Pavel Ivanov <pivanof@google.com> writes:
But this must be the same problem with normal replication? Whenever the slave decides to rotate the relay log, it will write a format description event created by itself with no following format description created on the master. So it seems this must work somehow, though I'll frankly admit I do not understand the details of how this works (do you know?)
Yes, I investigated this. During normal replication (when relay log is rotated automatically due to max_size) slave's format description is written at the beginning of the new realy log file, but right after that there's code that if description_event_for_queue->binlog_version
= 4 then it writes description_event_for_queue into relay log too. Also it ensures that the event has created = 0 and artificial_event set to 1. So SQL thread still gets the master's format description and doesn't rollback the transaction.

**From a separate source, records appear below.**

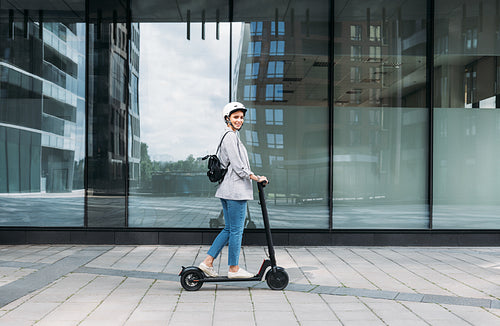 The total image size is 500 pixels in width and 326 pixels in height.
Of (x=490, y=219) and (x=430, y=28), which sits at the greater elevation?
(x=430, y=28)

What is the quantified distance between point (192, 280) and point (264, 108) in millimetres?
4233

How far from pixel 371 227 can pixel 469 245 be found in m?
1.73

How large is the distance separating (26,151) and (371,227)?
6294mm

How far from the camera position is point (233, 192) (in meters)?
5.03

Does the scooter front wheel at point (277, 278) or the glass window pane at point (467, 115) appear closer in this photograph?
the scooter front wheel at point (277, 278)

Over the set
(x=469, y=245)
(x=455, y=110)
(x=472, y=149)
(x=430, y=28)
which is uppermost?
(x=430, y=28)

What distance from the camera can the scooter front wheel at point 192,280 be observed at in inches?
197

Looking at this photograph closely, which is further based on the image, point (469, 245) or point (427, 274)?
point (469, 245)

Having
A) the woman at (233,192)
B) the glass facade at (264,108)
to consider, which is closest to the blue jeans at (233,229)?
the woman at (233,192)

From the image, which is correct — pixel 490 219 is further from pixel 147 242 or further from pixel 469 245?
pixel 147 242

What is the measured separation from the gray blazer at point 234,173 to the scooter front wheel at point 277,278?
2.71 feet

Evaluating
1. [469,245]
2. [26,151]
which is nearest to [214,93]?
[26,151]

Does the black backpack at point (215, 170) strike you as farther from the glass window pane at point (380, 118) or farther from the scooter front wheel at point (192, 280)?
the glass window pane at point (380, 118)

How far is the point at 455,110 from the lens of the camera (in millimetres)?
8547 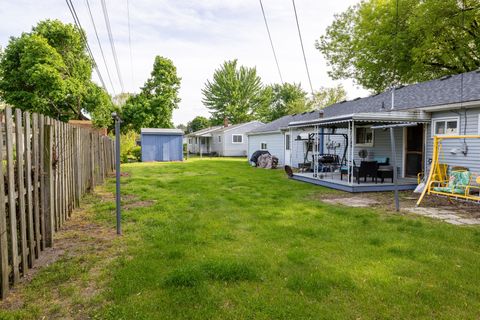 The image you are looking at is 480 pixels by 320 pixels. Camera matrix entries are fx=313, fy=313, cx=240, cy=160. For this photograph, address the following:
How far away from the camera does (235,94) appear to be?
49469mm

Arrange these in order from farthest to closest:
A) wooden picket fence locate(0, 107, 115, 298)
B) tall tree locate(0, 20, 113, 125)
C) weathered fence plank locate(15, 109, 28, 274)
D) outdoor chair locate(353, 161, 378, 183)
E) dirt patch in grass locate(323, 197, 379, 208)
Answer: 1. tall tree locate(0, 20, 113, 125)
2. outdoor chair locate(353, 161, 378, 183)
3. dirt patch in grass locate(323, 197, 379, 208)
4. weathered fence plank locate(15, 109, 28, 274)
5. wooden picket fence locate(0, 107, 115, 298)

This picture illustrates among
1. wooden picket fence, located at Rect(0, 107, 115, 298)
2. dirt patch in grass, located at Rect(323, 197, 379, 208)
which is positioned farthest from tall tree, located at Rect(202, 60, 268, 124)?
wooden picket fence, located at Rect(0, 107, 115, 298)

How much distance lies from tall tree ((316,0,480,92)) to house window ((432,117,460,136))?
6833 mm

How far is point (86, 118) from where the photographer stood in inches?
1070

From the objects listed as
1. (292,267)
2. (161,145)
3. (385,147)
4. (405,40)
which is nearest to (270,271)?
(292,267)

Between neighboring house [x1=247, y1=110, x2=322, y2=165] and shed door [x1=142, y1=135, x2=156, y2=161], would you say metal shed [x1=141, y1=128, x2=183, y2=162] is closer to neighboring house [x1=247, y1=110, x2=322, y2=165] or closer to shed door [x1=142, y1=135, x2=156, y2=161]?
shed door [x1=142, y1=135, x2=156, y2=161]

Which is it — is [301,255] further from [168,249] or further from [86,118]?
[86,118]

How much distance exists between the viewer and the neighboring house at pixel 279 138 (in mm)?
18828

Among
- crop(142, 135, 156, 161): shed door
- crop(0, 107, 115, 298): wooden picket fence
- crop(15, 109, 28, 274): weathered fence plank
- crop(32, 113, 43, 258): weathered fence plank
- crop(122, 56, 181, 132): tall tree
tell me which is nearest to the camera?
crop(0, 107, 115, 298): wooden picket fence

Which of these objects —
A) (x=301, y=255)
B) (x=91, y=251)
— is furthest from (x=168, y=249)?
(x=301, y=255)

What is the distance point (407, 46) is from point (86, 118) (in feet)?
82.5

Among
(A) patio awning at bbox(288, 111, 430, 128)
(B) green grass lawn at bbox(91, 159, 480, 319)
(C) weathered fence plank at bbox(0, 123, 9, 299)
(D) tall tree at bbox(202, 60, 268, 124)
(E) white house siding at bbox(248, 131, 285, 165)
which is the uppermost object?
(D) tall tree at bbox(202, 60, 268, 124)

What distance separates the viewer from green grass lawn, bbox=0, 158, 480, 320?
8.90 ft

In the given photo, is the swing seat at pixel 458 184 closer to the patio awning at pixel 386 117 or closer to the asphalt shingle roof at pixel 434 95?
the asphalt shingle roof at pixel 434 95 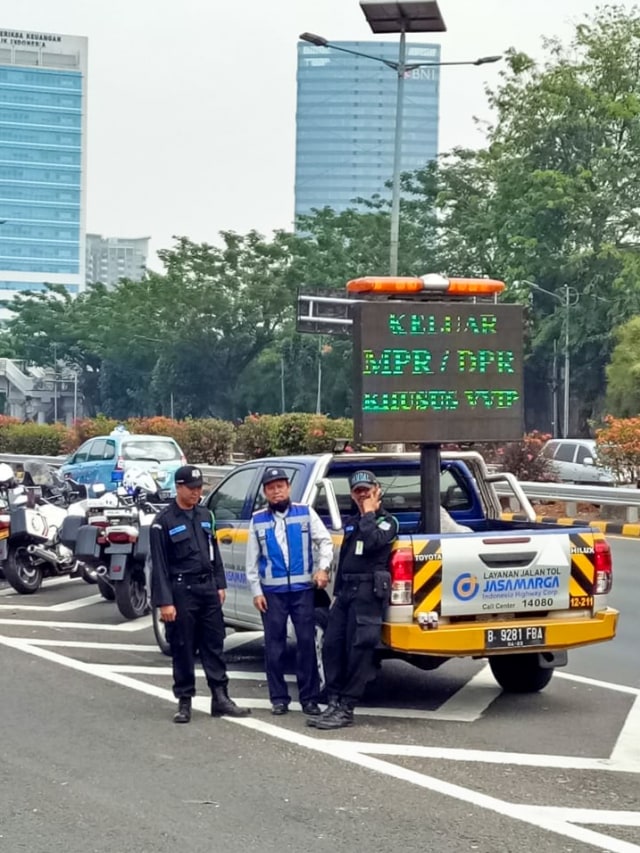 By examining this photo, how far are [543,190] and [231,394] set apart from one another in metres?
31.2

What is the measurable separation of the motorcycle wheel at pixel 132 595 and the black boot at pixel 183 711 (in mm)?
4596

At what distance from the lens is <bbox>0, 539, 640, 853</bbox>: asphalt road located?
6152 mm

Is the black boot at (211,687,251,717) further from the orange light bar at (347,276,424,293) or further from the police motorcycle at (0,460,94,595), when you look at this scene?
the police motorcycle at (0,460,94,595)

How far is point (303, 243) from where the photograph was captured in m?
72.9

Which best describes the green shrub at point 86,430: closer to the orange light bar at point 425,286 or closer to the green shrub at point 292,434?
the green shrub at point 292,434

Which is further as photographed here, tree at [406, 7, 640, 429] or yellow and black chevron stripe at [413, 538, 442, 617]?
tree at [406, 7, 640, 429]

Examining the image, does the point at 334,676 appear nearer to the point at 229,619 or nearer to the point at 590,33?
the point at 229,619

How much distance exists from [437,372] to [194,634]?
2.39 m

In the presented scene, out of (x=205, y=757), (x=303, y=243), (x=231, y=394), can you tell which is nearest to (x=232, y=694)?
(x=205, y=757)

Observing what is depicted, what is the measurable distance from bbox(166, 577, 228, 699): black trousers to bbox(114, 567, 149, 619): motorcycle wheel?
451 centimetres

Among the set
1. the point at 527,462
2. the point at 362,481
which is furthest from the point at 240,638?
the point at 527,462

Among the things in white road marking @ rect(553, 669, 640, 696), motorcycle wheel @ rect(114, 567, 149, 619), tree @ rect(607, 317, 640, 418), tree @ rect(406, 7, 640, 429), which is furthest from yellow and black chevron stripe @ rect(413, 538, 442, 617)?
tree @ rect(406, 7, 640, 429)

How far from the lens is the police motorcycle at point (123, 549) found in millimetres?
13102

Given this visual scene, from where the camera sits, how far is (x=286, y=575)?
875 centimetres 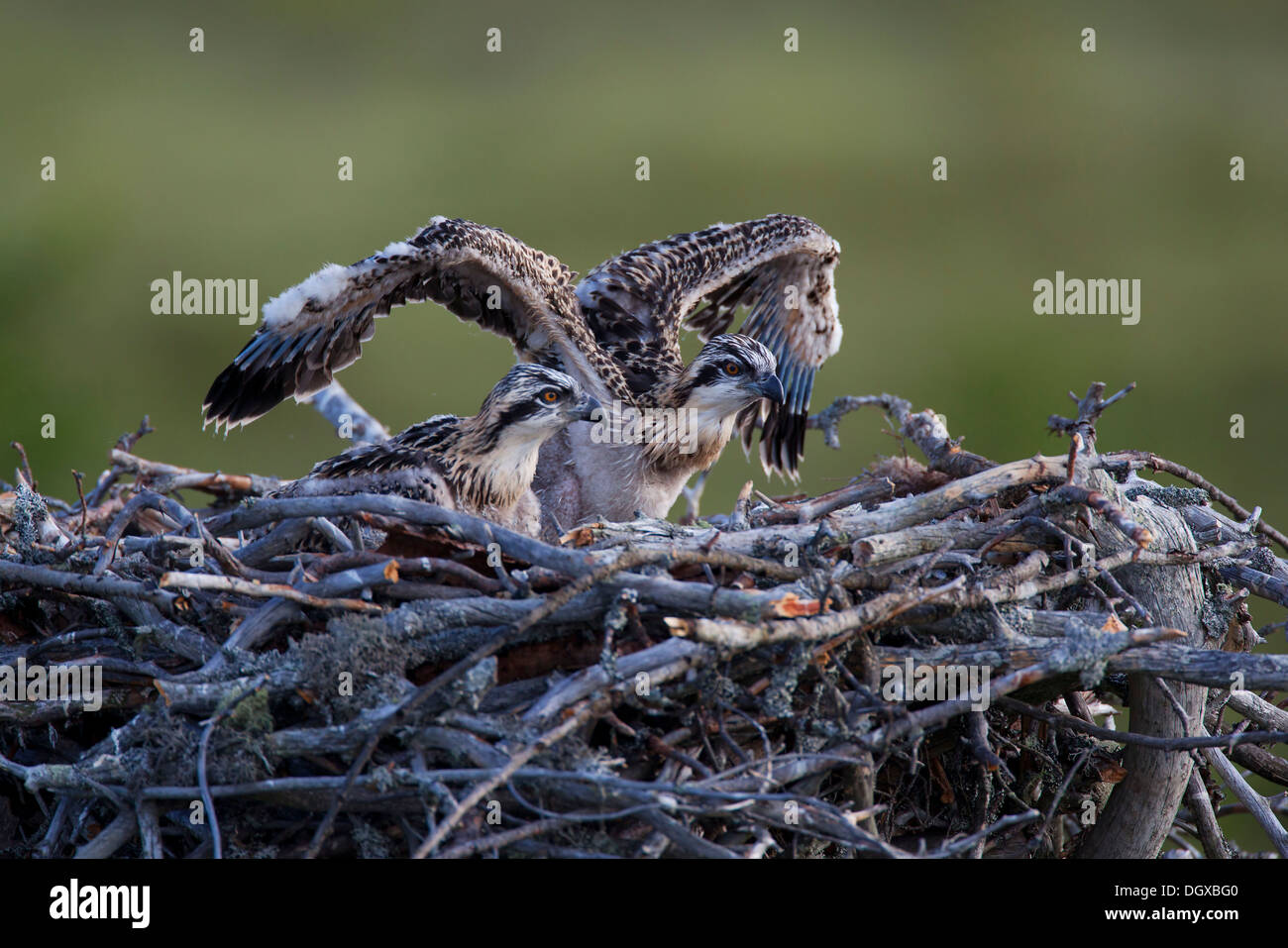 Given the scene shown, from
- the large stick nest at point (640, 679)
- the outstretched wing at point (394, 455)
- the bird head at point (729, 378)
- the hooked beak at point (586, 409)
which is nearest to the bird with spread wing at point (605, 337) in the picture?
the bird head at point (729, 378)

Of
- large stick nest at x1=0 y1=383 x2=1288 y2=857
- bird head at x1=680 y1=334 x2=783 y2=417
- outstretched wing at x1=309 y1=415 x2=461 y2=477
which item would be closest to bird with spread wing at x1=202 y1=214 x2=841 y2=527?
bird head at x1=680 y1=334 x2=783 y2=417

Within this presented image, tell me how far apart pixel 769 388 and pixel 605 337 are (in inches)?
37.8

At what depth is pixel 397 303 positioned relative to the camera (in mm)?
5242

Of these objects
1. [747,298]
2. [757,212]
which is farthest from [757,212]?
[747,298]

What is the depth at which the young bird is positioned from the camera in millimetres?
4555

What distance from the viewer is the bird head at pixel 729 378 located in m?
5.29

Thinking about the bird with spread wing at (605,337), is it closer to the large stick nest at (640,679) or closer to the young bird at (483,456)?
the young bird at (483,456)

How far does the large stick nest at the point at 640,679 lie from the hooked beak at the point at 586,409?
1.02 meters

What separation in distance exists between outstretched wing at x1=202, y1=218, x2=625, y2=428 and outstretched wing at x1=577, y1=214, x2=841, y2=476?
42cm

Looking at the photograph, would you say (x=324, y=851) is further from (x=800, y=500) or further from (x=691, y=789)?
(x=800, y=500)

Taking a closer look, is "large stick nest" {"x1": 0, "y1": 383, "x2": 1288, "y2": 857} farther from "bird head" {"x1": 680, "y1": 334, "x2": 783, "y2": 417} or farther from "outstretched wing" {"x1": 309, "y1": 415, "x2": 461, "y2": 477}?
→ "bird head" {"x1": 680, "y1": 334, "x2": 783, "y2": 417}

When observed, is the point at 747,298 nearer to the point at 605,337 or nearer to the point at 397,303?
the point at 605,337

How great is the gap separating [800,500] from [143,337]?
463 inches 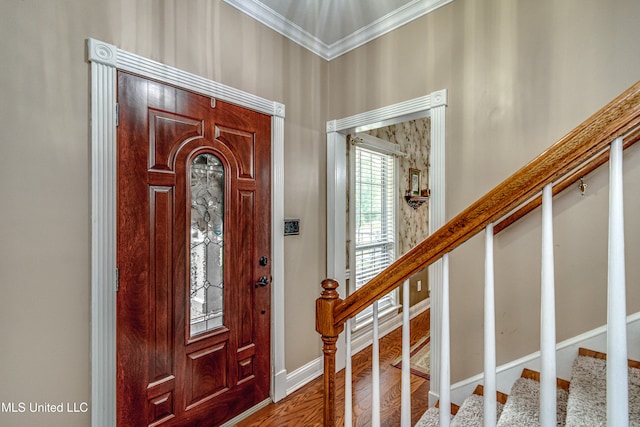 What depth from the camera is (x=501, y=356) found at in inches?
65.8

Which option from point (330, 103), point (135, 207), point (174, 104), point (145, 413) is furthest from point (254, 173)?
point (145, 413)

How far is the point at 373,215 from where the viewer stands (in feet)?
10.8

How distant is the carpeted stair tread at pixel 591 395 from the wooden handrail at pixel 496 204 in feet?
2.32

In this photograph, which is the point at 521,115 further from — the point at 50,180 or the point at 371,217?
the point at 50,180

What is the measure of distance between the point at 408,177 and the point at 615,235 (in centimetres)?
329

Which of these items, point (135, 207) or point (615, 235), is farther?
point (135, 207)

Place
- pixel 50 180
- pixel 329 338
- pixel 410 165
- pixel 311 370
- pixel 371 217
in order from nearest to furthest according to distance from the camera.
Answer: pixel 329 338 → pixel 50 180 → pixel 311 370 → pixel 371 217 → pixel 410 165

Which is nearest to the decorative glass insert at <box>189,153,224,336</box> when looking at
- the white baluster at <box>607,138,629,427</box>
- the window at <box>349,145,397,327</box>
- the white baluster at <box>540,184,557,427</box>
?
the window at <box>349,145,397,327</box>

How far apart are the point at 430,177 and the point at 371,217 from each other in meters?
1.37

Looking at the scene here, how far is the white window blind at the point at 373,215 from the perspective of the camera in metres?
3.09

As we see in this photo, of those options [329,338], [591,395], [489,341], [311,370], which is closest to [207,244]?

When IO thread reconnects to master the first event it receives is Rotate. For Rotate event queue_event() executes process_io_rotate(). Inside there if mi->rli.relay_log.description_event_for_queue->binlog_version >= 4 it forcefully replaces description_event_for_queue with new event with binlog_version = 3. Then it does the actual relay log rotation during which description_event_for_queue is not written into the new log file (and it shouldn't as it's not master's at this point anyway). The next
I see. So one possible solution is to do the same at the reconnect case as what we do in relay-log rotate initiated by slave due to size: Write out the description_event_for_queue to the relay log with created=0 and artificial=1. I have attached a patch for this, what do you think? Do you have the possibility to test if this works (eg. when we get a reconnect when the master's description event is incompatible with the slave's)? [This code really is criminally ugly, even for replication standard. But I do not really know how to fix it in any reasonable way :-(]
Maybe I messed up with testing, I'll try to retest again...
FYI: I took unmodified 10.0-base, commented out those two lines, ran rpl.rpl_gtid_reconnect, and it failed. Thanks, - Kristian.